Peeling Potatoes: Zen Meditation

American pop culture has embraced the word Zen as an adjective to convey serenity or simplicity. “I am so Zen. This guy cut right in front of me in line at Starbucks and I just smiled and told him I liked his shirt.” Perhaps you have one of those novelty trays of sand for your desk with a tiny rake and a few stones: a “Zen Rock Garden”. The mainstream perception of “Zen” makes some sense, though its true essence is far more complex in it’s simplicity than its common use suggests.

Zen is a school of Buddhism that developed in China during the 6th century, and later spread to Japan, Korea and Viet Nam. It emphasizes the attainment of enlightenment through direct, personal insight into Buddhist teachings, rather than through the study of scriptures and doctrines. As the great philosopher, speaker and self-described Zennist, Alan Watts said, “Zen does not confuse spirituality with thinking about God while one is peeling potatoes. Zen spirituality is just to peel the potatoes.”

The focus of Zen is finding spirituality by discovering the self in the ordinary, dropping illusion and seeing things without distortion created by your own thoughts: “Sun is warm. Grass is green.” Though the true and full practice of Zen involves working individually with a master teacher in the confines of a monastery, the essense of Zen can be incorporated through the practice of Zazen.


Zazen literally means “seated meditation” and is a focused investigation into the nature of the self by subtly abandoning anything that resists the simplicity of just being.
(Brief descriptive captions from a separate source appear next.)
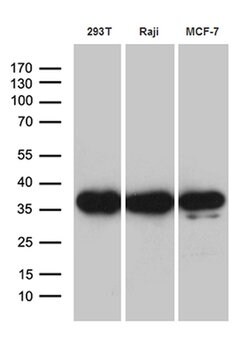 PRPS1L1 Mouse anti-Human, Clone: OTI2C6, lyophilized, TrueMAB 100 &mu;g;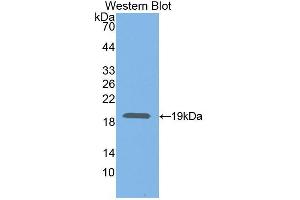 Western blot analysis of the recombinant protein. (Neuregulin 1 anticorps  (AA 328-486))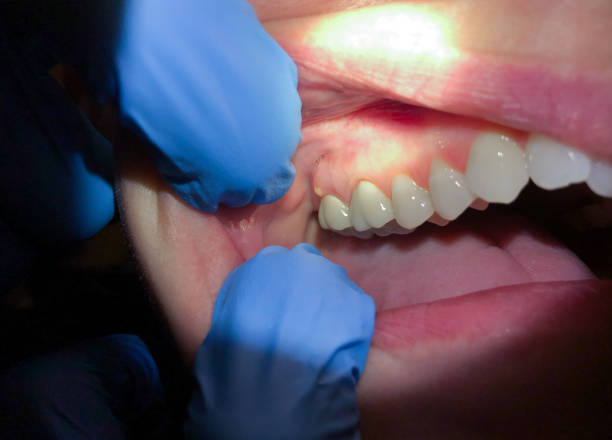 Best Emergency Broken Tooth Repair in Pittsburg, KS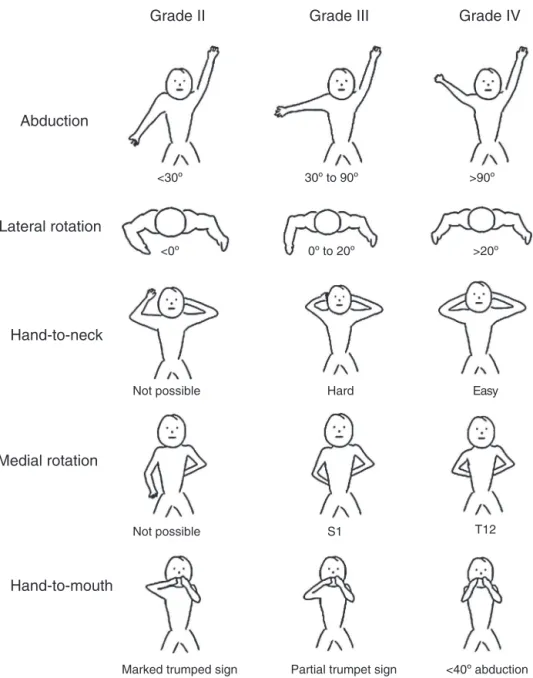 Fig. 1 – Schematic representation of the modified Mallet classification 28 to assess shoulder function in patients with OBPP.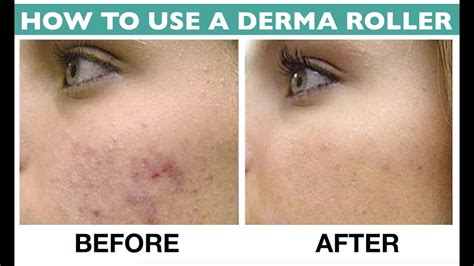 dermaroller before after|Derma Rolling Before and After: What to Use .
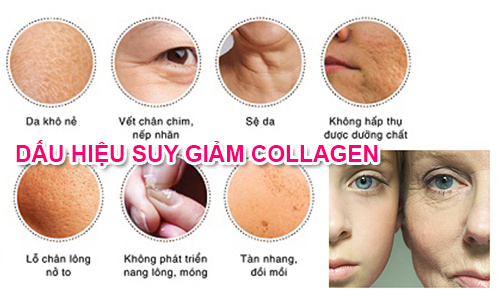 Dấu hiệu suy giảm Collagen theo thời gian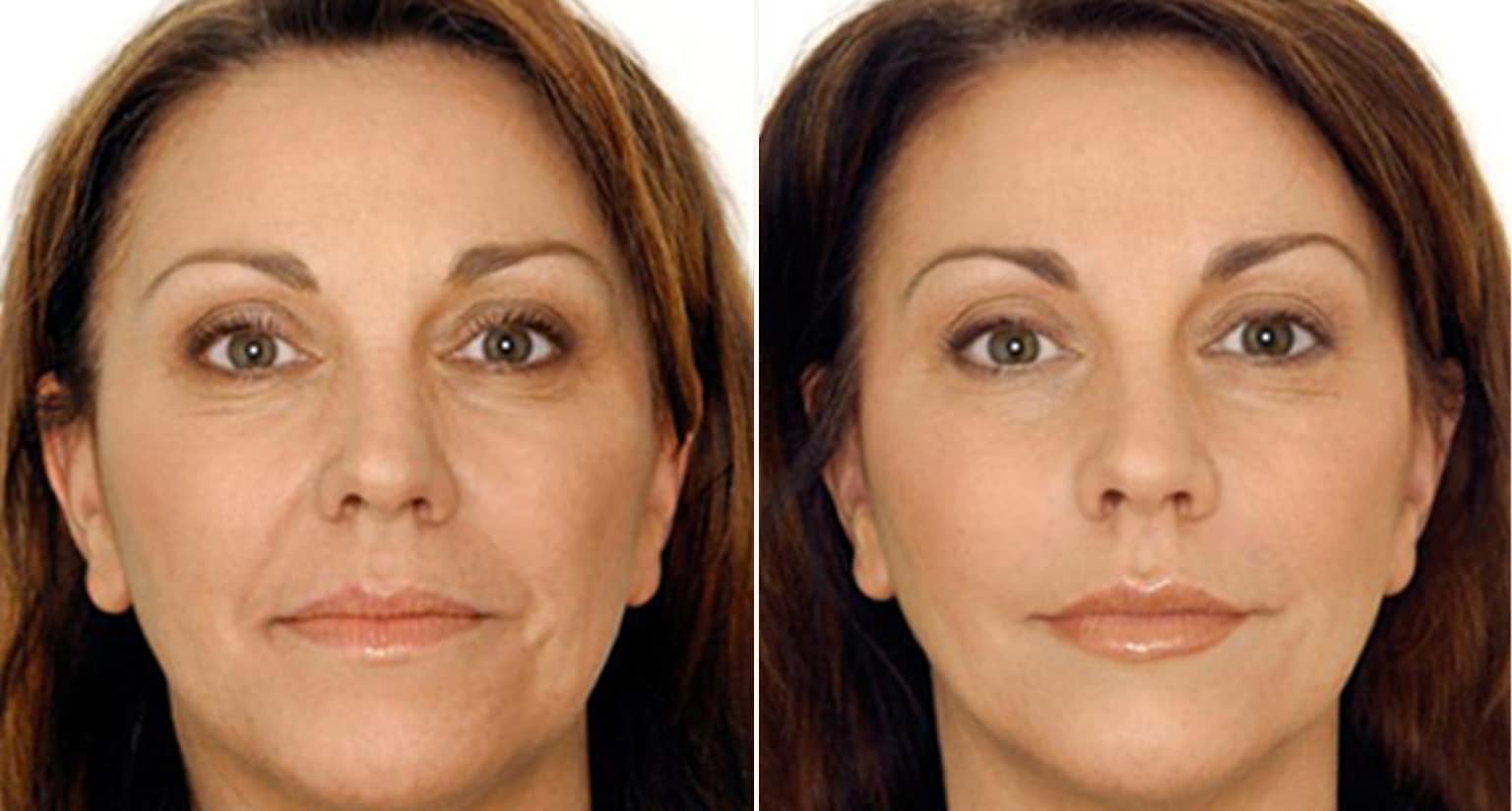 Juvederm, Restylane, and Sculptra filler comparison chart 2026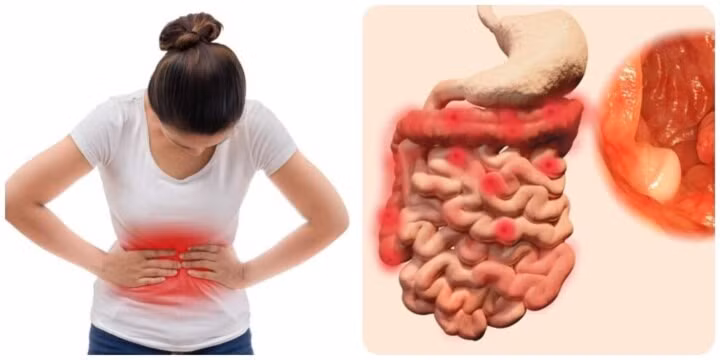 Giảm cân cũng có thể liên quan đến điều trị ung thư.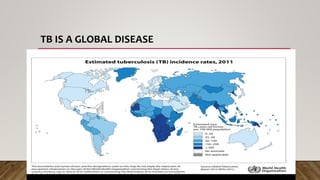 TB IS A GLOBAL DISEASE
 
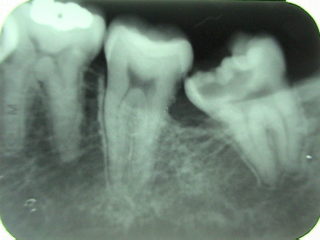 tóng-àn:Lower 3rd molar impaction.jpg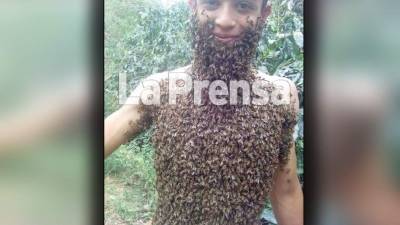 Emerson Rodríguez es un joven que se ha hecho viral en las redes luego de dar a conocer su pasión por las abejas y la apicultura a través de Diario LA PRENSA.
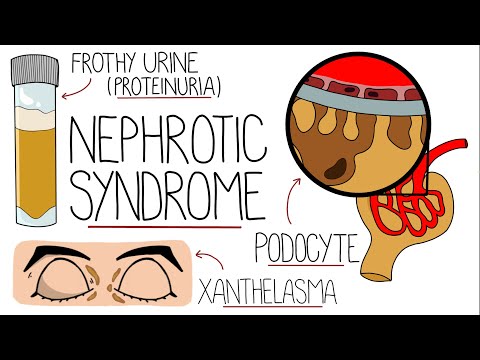 Le syndrome néphrotique expliqué clairement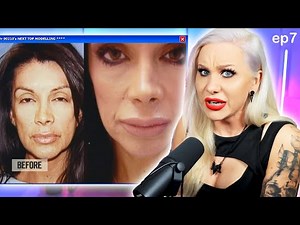 She got a Lip Transplant to fix Botched filler. (Dr. 90210) | Luxeria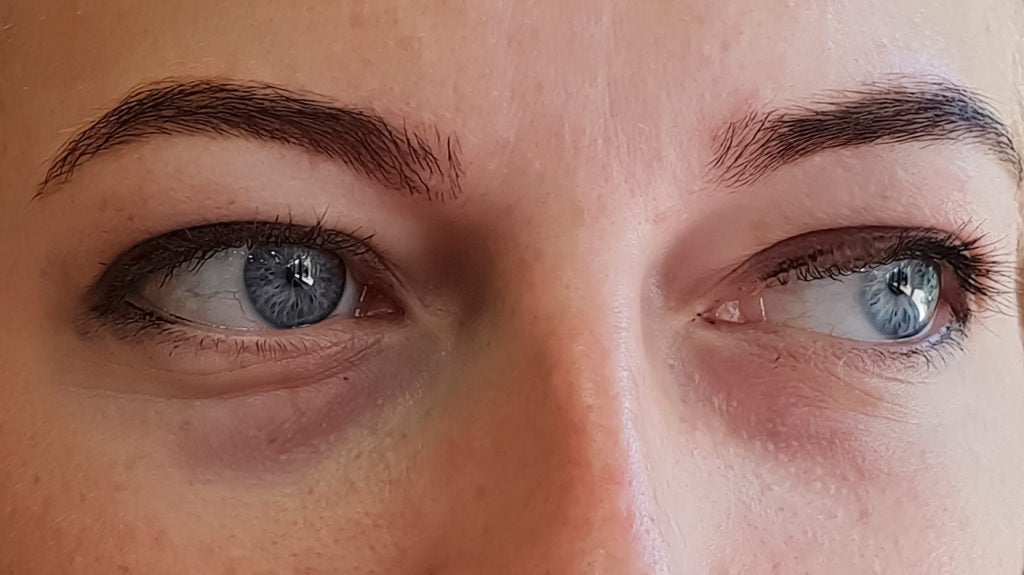 Swollen eyes - Reason and how to prevent them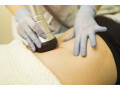 stomach-laser-hair-removal-in-delhi-small-0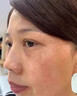 東田日本進口老年斑的藥美白祛斑第1名專用臉部手背祛斑霜100%特俲藥 一盒【體驗款】 曬單實拍圖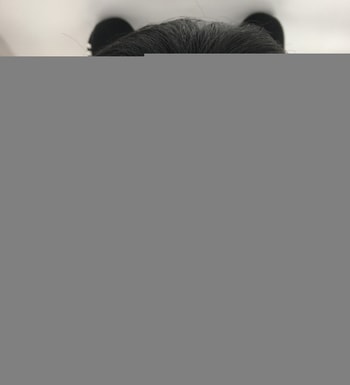 후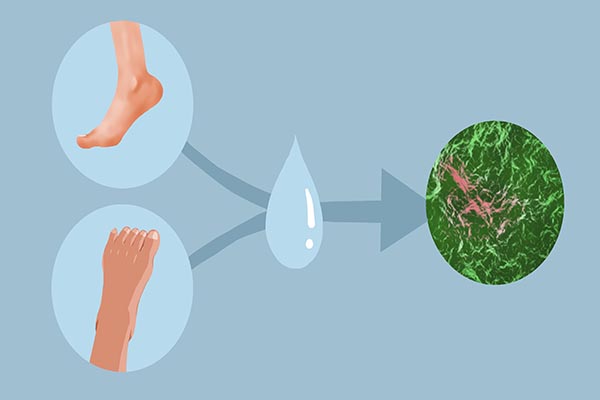 经常脚痒是脚气还是真菌,脚气用什么泡脚可以缓解脚痒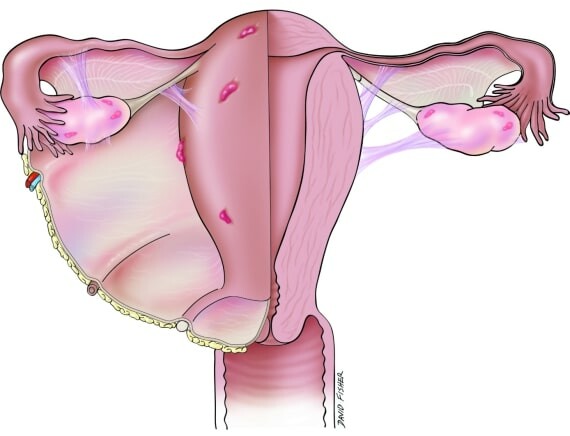Những tổn thương do lạc nội mạc tử cung hình thành mô sẹo gây dính vùng chậu về sau – Nguồn ảnh: cureus.com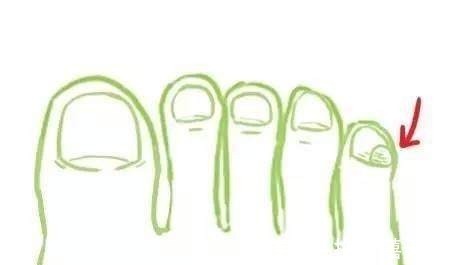 大槐树#纯正血统汉族人有一个共同点小脚趾甲是两瓣原因令人颇感意外!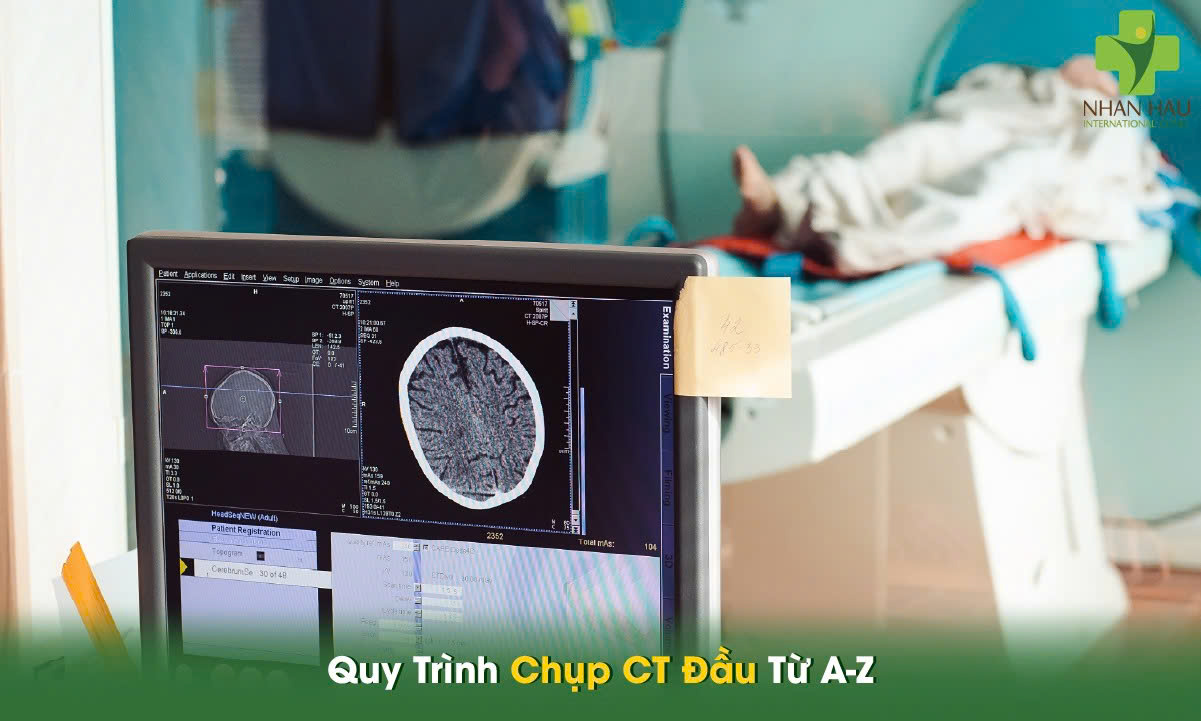 Chụp CT Đầu: Hướng Dẫn Toàn Diện Từ Chuyên Gia Y Tế 5 Quy Trình Chụp CT Đầu Từ A-Z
  1. Body Position: Settle into the stillness of a seated Buddha position with an upright spine and a slight curve at the base of the spine, assisted by a cushion that subtly tilts the pelvis eliminating any strain. Gently fold the legs so the knees touch the floor and create a stable triangular base. Hands can be held in “cosmic mudra” as pictured.
  2. Facial Postion: Gazing 2-3 feet in front of you, keep the eyes mostly covered by the lids, lessening the need for frequent blinking. Gently press the tongue on the roof of the mouth and swallow once, creating a seal that will lessen the need for frequent swallowing. The chin is slightly tucked in.
  3. Breathing: Breathing naturally and through the nose, begin stabilizing the mind by counting the breaths up to ten. Then begin again. At first, count each inhalation and exhalation separately. When you are able to stay with the counting without drifting and repeat it several times, start counting each pair of inhalation and exhalation as a pair. Eventually you will be able to abandon the counting altogether and just be with the breath.